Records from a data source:

◆ ◆ ◆ ◆ ◆ ◆ ◆

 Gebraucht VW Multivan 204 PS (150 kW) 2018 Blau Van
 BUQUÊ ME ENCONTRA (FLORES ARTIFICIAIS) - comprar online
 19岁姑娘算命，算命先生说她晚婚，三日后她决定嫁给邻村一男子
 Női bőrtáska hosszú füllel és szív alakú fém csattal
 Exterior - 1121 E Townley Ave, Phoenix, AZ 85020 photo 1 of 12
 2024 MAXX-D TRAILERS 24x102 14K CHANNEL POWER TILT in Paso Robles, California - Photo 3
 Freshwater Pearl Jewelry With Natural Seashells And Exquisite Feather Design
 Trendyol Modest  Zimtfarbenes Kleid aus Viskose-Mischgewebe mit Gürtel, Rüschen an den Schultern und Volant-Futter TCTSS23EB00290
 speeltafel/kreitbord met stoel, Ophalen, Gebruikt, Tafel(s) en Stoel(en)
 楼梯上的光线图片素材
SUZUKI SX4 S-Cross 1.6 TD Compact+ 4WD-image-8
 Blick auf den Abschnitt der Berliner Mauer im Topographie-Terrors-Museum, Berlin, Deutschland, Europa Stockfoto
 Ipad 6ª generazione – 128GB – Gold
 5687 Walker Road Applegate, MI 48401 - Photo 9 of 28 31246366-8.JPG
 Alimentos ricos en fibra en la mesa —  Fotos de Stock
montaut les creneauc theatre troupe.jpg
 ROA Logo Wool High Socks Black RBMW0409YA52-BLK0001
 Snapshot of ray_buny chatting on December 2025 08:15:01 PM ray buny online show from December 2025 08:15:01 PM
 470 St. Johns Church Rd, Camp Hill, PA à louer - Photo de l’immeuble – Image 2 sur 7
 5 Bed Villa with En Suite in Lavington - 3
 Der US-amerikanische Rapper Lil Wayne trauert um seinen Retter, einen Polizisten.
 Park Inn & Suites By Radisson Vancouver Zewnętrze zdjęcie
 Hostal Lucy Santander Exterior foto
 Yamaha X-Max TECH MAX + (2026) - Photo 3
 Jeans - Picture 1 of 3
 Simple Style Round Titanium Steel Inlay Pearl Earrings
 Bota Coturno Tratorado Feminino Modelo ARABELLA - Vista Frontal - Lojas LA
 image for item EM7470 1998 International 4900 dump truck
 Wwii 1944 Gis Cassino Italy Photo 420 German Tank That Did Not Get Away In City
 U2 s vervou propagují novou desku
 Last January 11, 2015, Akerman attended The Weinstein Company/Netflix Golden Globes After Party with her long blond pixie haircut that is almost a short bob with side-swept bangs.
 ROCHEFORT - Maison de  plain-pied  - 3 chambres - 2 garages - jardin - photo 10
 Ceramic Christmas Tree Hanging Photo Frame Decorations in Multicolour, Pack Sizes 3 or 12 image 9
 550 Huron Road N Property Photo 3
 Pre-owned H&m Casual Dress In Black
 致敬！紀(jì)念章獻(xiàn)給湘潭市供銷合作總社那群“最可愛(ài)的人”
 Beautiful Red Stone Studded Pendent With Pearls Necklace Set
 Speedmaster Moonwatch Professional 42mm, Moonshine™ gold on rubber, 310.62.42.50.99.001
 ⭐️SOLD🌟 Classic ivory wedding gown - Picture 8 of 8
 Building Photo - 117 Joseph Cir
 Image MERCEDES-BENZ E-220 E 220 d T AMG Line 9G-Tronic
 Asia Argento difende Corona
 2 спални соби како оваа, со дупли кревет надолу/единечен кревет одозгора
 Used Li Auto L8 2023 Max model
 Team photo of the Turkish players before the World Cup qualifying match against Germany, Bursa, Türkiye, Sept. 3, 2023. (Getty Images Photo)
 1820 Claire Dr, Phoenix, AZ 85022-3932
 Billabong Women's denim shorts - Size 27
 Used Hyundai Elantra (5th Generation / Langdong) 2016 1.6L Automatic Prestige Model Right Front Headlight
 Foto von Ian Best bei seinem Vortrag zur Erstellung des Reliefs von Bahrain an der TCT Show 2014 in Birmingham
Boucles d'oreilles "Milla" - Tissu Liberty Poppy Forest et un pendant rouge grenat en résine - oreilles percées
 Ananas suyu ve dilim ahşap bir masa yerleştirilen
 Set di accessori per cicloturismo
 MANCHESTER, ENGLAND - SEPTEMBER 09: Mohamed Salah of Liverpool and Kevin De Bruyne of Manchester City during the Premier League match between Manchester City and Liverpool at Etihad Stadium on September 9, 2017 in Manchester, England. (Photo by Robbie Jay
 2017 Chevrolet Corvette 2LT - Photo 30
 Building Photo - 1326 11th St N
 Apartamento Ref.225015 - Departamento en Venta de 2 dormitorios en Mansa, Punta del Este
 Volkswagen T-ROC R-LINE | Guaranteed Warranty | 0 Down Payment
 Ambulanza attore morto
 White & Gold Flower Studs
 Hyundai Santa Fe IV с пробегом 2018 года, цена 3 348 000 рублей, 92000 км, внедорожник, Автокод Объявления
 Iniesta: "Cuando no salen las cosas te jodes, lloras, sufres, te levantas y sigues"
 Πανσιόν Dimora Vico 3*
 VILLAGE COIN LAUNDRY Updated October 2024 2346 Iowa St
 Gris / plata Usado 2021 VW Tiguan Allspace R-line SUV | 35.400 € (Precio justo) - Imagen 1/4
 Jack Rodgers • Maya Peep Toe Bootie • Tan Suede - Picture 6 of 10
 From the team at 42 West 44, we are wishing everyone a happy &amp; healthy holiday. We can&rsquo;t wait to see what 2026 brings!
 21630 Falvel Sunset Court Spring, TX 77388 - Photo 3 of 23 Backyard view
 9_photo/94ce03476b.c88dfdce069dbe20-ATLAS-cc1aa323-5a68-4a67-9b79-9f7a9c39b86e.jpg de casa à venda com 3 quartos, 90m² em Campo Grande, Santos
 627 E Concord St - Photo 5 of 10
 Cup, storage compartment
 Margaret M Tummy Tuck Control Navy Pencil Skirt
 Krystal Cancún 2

◆ ◆ ◆ ◆ ◆ ◆ ◆

● **Task objective**
Produce the number of lines in the data containing the string "Black", with nothing added.

● **Answer space**
2